Passing my eye over them, an old dark quarto attracted my attention. It
must be a Bible, I said to myself, perhaps a rare one,--the "Breeches"
Bible or some other interesting specimen. I took it from the shelves,
and, as I did so, an old slip of paper fell out and fluttered to the
floor. On lifting it I read these words:

The name is Grenville Tudor.

What was the meaning of this slip of paper coming to light at this time,
after reposing undisturbed so long? There was only one way of explaining
its presence in my father's old Bible;--a copy of the Scriptures which I
did not remember ever having handled or looked into before. In
christening a child the minister is liable to forget the name, just at
the moment when he ought to remember it.

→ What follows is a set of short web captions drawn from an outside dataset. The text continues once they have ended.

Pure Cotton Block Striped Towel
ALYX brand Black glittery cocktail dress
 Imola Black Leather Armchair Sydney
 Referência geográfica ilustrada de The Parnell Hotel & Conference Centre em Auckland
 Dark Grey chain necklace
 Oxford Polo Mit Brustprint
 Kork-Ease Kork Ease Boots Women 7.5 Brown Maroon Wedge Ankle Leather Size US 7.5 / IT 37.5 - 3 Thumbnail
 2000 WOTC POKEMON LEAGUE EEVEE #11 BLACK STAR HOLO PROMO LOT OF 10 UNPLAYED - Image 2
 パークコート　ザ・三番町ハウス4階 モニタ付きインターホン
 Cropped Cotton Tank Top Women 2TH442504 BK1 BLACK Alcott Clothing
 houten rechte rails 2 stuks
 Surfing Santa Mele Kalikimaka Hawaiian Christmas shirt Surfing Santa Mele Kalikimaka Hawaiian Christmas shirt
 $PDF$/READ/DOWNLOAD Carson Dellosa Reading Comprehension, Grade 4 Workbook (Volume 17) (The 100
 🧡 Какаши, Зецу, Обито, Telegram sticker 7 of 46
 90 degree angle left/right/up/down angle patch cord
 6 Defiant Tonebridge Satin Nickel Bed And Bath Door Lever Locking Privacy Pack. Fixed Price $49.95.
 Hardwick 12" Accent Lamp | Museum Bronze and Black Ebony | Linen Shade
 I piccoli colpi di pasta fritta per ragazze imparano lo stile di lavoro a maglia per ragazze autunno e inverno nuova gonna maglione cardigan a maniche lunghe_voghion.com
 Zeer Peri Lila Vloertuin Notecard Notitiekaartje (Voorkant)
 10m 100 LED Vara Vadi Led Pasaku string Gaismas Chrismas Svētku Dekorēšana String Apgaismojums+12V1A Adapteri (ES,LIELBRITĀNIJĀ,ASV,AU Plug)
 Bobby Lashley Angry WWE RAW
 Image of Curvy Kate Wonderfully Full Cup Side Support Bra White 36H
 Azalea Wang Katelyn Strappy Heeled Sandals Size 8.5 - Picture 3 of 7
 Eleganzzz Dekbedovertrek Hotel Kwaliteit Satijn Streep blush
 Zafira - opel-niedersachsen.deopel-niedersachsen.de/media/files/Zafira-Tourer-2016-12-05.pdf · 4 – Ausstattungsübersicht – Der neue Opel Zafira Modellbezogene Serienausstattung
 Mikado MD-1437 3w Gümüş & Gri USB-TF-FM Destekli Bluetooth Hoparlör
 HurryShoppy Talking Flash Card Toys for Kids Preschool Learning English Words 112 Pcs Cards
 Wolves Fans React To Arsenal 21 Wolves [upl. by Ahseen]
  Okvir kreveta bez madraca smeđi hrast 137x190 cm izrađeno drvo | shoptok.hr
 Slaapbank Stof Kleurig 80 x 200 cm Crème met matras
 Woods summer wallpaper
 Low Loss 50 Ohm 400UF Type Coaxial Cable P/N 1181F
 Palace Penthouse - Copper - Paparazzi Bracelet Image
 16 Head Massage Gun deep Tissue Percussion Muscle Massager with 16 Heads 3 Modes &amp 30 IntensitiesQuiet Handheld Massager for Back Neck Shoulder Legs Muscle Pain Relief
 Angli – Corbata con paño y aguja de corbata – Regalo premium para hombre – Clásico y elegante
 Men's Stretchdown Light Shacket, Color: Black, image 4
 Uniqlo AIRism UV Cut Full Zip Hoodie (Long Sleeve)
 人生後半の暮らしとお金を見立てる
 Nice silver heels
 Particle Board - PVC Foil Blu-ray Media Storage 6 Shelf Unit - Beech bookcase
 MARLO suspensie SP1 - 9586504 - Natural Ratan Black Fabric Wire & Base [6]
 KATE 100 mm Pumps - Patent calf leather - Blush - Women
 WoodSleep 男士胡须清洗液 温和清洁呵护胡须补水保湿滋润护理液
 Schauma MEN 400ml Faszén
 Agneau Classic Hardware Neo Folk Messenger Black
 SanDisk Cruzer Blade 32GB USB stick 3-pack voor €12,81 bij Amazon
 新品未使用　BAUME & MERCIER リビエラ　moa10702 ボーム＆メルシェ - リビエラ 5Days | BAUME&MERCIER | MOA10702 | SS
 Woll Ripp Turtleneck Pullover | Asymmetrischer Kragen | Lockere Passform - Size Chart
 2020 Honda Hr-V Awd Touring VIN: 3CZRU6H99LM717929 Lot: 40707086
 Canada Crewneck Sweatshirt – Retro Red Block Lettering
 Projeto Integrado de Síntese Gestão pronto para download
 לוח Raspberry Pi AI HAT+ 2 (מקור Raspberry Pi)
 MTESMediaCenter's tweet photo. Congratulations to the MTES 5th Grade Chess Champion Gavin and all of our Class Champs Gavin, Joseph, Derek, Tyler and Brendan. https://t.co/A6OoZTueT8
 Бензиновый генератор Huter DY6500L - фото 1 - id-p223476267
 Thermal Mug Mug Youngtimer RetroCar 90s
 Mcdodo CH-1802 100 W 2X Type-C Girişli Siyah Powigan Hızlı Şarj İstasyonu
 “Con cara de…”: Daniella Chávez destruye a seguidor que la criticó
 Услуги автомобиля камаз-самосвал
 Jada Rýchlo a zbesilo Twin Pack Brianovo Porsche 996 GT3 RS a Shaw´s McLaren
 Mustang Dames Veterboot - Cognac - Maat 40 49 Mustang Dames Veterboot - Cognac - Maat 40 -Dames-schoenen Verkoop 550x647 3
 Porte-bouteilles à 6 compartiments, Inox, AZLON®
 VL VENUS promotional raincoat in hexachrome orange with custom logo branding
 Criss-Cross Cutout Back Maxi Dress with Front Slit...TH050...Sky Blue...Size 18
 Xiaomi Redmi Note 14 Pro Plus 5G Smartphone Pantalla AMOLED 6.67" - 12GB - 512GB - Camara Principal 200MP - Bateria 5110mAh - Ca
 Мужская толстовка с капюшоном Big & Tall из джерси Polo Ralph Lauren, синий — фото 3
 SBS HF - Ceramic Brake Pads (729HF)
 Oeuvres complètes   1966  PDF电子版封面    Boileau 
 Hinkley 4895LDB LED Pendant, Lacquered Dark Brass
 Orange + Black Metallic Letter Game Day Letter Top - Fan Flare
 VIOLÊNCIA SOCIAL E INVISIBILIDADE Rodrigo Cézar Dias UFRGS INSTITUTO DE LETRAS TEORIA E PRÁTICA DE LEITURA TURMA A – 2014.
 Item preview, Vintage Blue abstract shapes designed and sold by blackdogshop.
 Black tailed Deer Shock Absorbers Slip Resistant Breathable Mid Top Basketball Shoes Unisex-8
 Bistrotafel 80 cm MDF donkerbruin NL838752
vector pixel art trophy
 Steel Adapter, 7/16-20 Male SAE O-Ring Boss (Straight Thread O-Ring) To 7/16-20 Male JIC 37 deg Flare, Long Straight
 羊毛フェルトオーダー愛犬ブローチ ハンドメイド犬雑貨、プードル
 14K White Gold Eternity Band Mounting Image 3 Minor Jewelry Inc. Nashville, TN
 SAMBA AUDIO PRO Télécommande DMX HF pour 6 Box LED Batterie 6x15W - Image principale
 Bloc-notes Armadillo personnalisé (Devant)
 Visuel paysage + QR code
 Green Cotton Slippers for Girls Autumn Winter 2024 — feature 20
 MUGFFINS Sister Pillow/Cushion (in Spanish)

My father preached occasionally
at the Brattle Street Church. I take this for granted, for I remember
going with him on one occasion when he did so. Nothing was more likely
than that he should be asked to officiate at the baptism of the younger
son of his wife's first cousin, Judge Phillips. This slip was handed him
to remind him of the name: He brought it home, put it in that old Bible,
and there it lay quietly for nearly half a century, when, as if it had
just heard of Mr. Phillips's decease, it flew from its hiding-place and
startled the eyes of those who had just read his name in the daily column
of deaths. It would be hard to find anything more than a mere
coincidence here; but it seems curious enough to be worth telling.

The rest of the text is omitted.